An Austrian daredevil is gearing up to make the world's highest skydive, a daring leap from
23 miles above Earth that promises to break more than one record if all goes according to plan.
Veteran skydiver Felix Baumgartner, 43, will make the jump on Tuesday (Oct. 9) at the earliest, thereby becoming the first person ever to freefall faster than the speed of sound. His skydive will also be the highest ever, superceding a record set in 1960 by U.S. Air Force Captain Joe Kittinger by more than 3 miles (5 kilometers).
A helium-filled balloon will lift Baumgartner, sitting inside a custom-built capsule, to an altitude of 120,000 feet (36,576 meters). At that altitude, which registers in the upper echelons of the stratosphere, the atmosphere is a mere inkling of its sea-level self, exerting a pressure less than 0.5 percent of its value near the ground. Even if gradually acclimated, humans cannot survive long above 26,000 feet without an oxygen tank, so a much loftier Baumgartner will definitely require supplemental oxygen.

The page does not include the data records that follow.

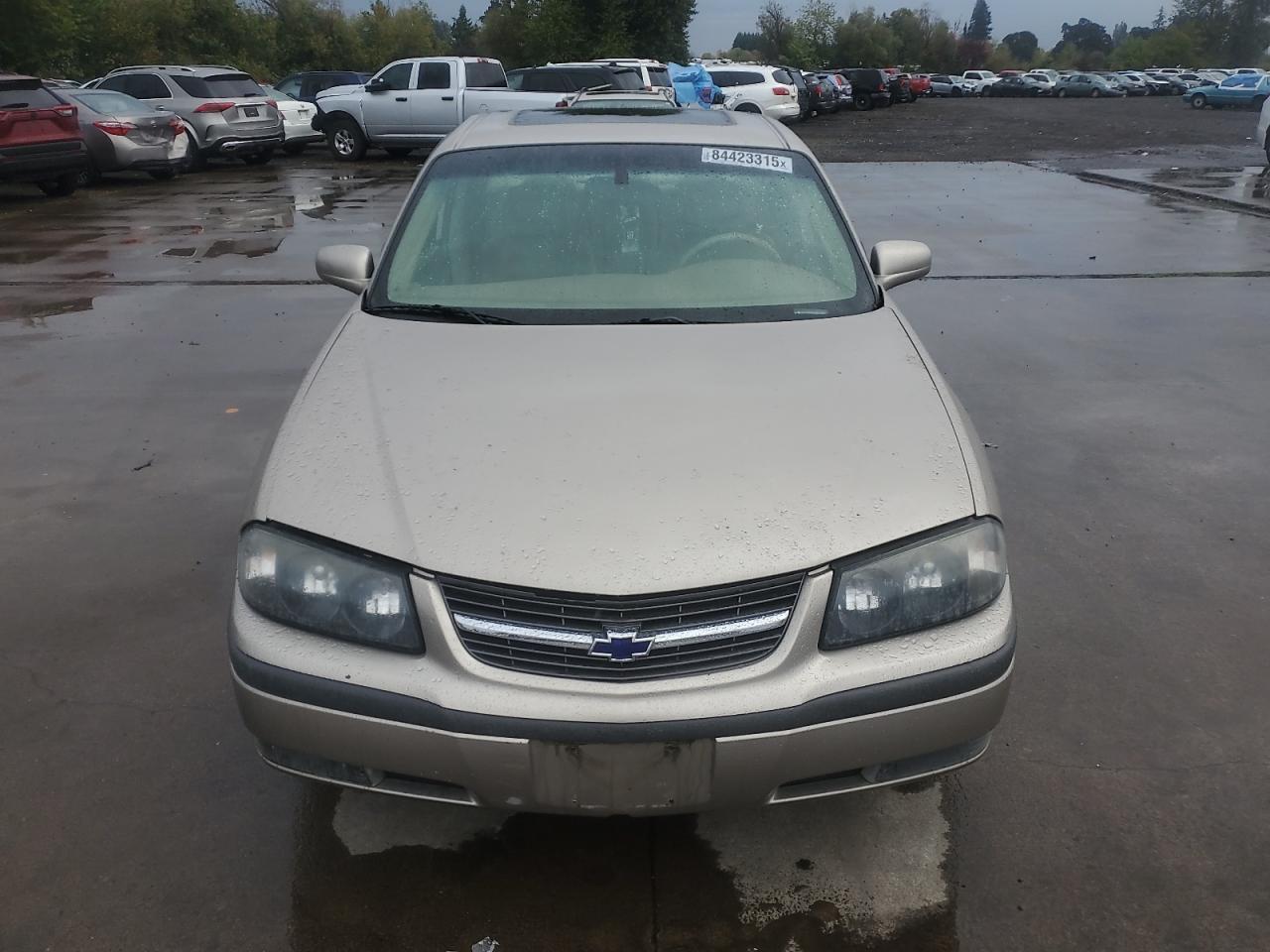 2002 CHEVROLET IMPALA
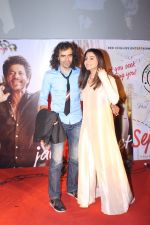 Anushka Sharma, Imtiaz Ali At Trailer Launch Of Film Jab Harry Met Sejal on 21st July 2017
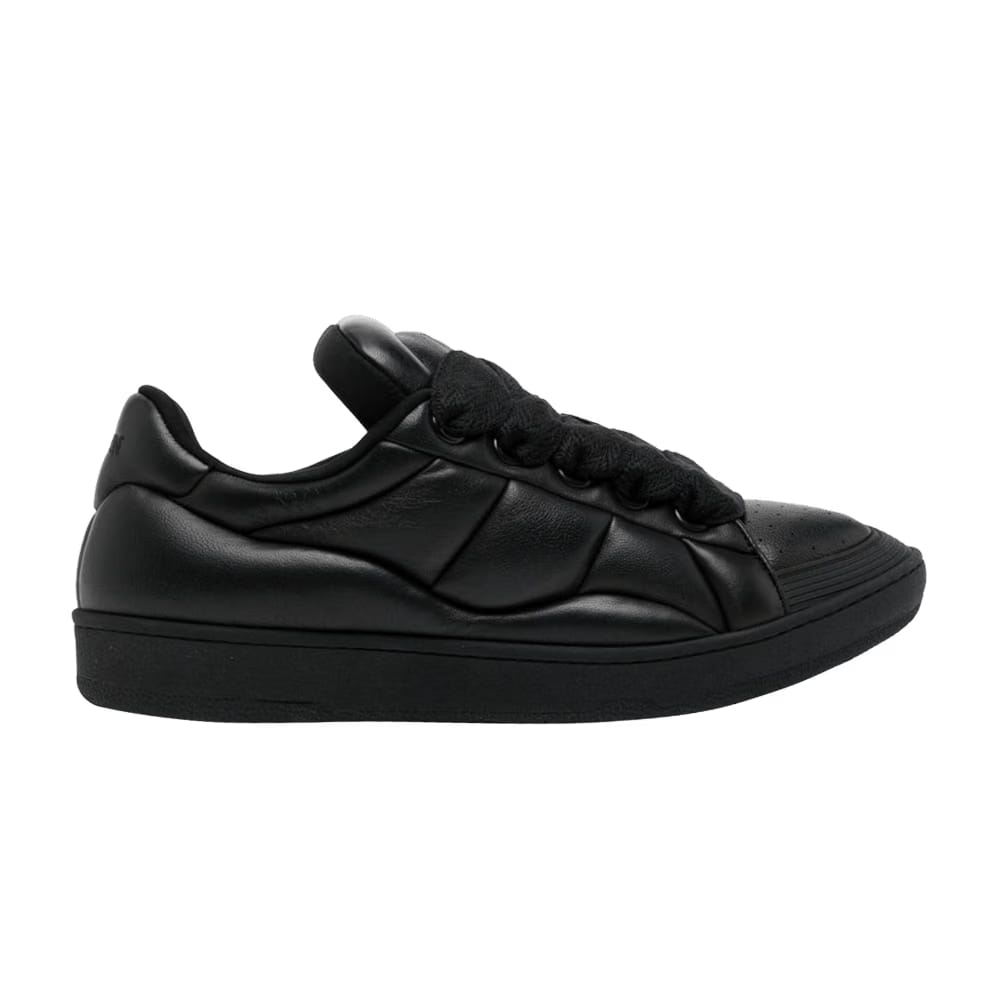 Lanvin Curb XL Sneaker Black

When the skydiver steps out of his capsule and plunges into the void, he'll accelerate for approximately 30 seconds before reaching his peak speed, explained Michael Weissman, a physicist at the University of Illinois at Urbana-Champaign. Weissman estimates that Baumgartner's speed will max out just above the sea-level speed of sound, which is about
760 miles per hour (1,225 kilometers per hour).